En pratique, les transformations élémentaires ne sont que des quarts de tour et donc $(\alpha, \beta, \gamma) \in \{-\pi/2, 0, +\pi/2\}^3$. Les matrices d’Euler sont donc très simple et consistent essentiellement en des permutations d’axe. Plus précisément :

Axe Sens X devient Y devient Z devient
X + +X -Z +Y
X - +X +Z -Y
Y + +Z +Y -X
Y - -Z +Y +X
Z + -Y +X +Z
Z - +Y -X +Z

La documentation indique également :

Note: The order the rotations are called is important, ie. if used together, it must be called in the order Z-X-Y or there might be unexpected behaviour.

On comprend donc que la rotation totale s’écrit :

\[R = R_Y \cdot R_X \cdot R_Z\]

Mes premiers développements se heurtaient à des comportements étranges. Je me suis alors rendu compte que le repère de référence de p5.js ne forme pas un trièdre direct… J’ai commencé à prendre cela en compte dans le programme mais en fait, les choses semblent se compenser (rappelons-nous que nous faisons tourner le repère, pas l’objet).

Partant d’un état donné du cube, j’ai décidé de ne pas tenir compte de l’avertissement de la documentation (qui, je pense, ne traduit que le fait que les rotations ne commutent pas. Une fois qu’on sait ça, il faut juste savoir ce qu’on fait) et j’ai allégremment mélangé les rotations.

Partant d’un cube orienté $YXZ = (\beta, \alpha, \gamma)$ si je rajoute, mettons, une rotation $D$ d’un demi-tour positif selon l’axe X, comment s’exprimera la nouvelle orientation ? Cela revient à trouver $(\alpha’, \beta’, \gamma’)$ qui satisfait :

\[R_Y(\beta)\cdot R_X(\alpha) \cdot R_Z(\gamma)\cdot D = R_Y(\beta')\cdot R_X(\alpha') \cdot R_Z(\gamma')\]

La solution n’est pas unique et il suffit de trouver un triplet qui fonctionne pour mettre correctement les informations à jour.

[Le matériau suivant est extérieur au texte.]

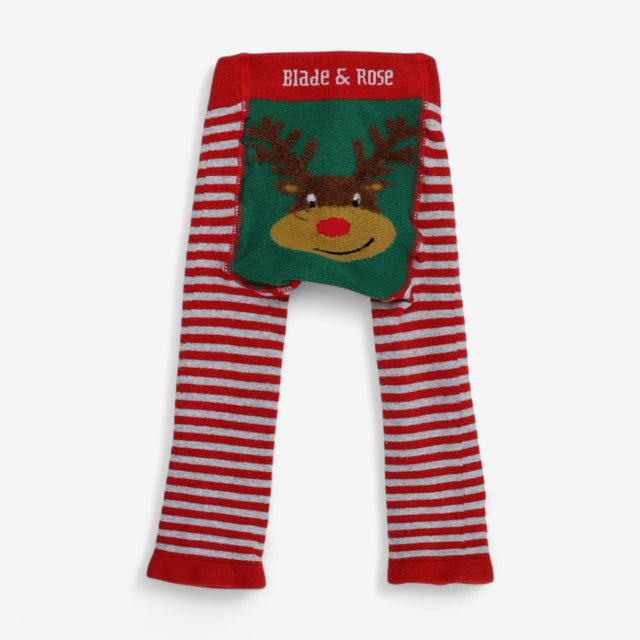 knitted leggings red/grey striped reindeer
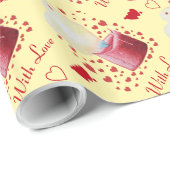 Herzförmige Flamme auf Zitronenuntergrund Valentin Geschenkpapier (Rolleneckpunkt)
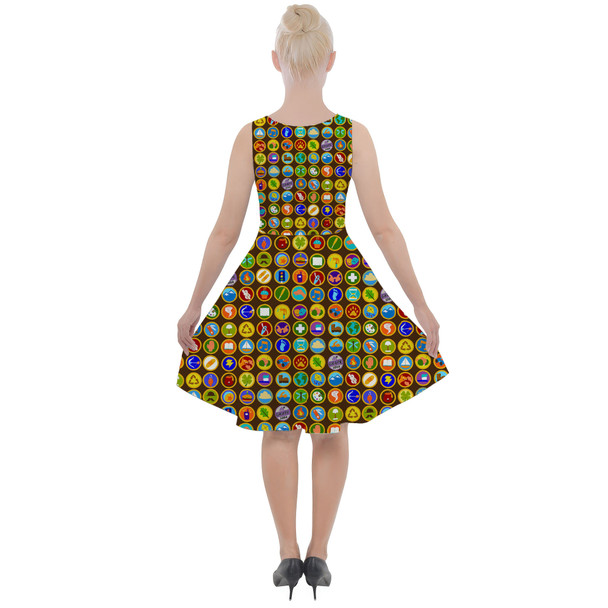 Skater Dress with Pockets - Wilderness Explorer Badges Up Inspired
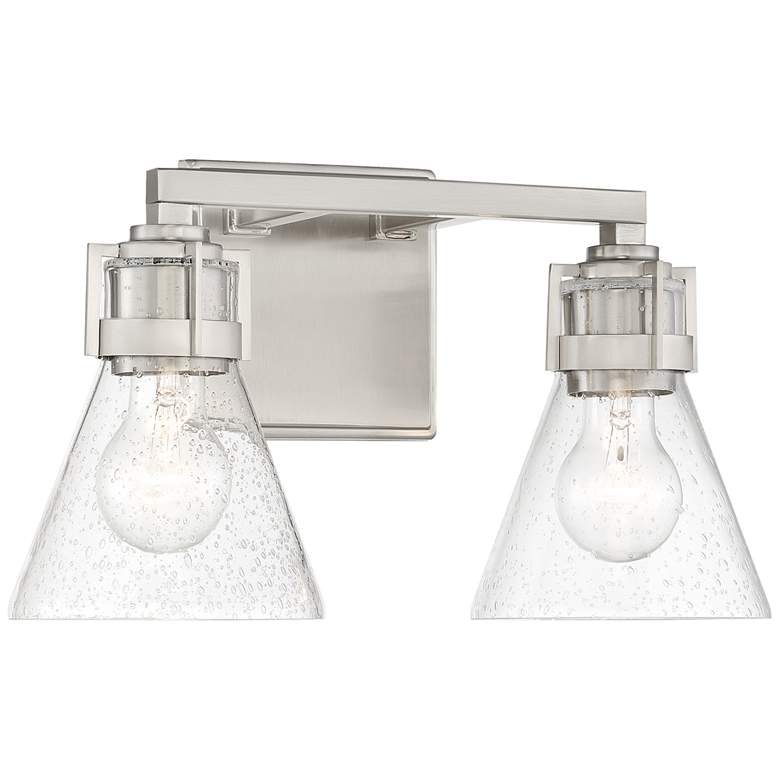 Image 1 Minka Lavery Chatham Square 14 1/2" Wide Brushed Nickel Wall Sconce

Hormis le cas trivial d’un demi-tour selon l’axe Z, la résolution de ce système dépendra de l’état actuel des rotations pour savoir quel axe se transformera en quel autre axe. Il faut alors propager les permutations d’axe de rotation en rotation jusqu’à revenir sur la première. Regardant par exemple $R_X(\alpha)$ qui me demande de tourner d’un angle $\alpha$ autour de X, si entre temps, mon axe X est devenu -Y, alors il faudra mettre à jour en indiquant une rotation d’angle $-\alpha$ autour de l’axe Y.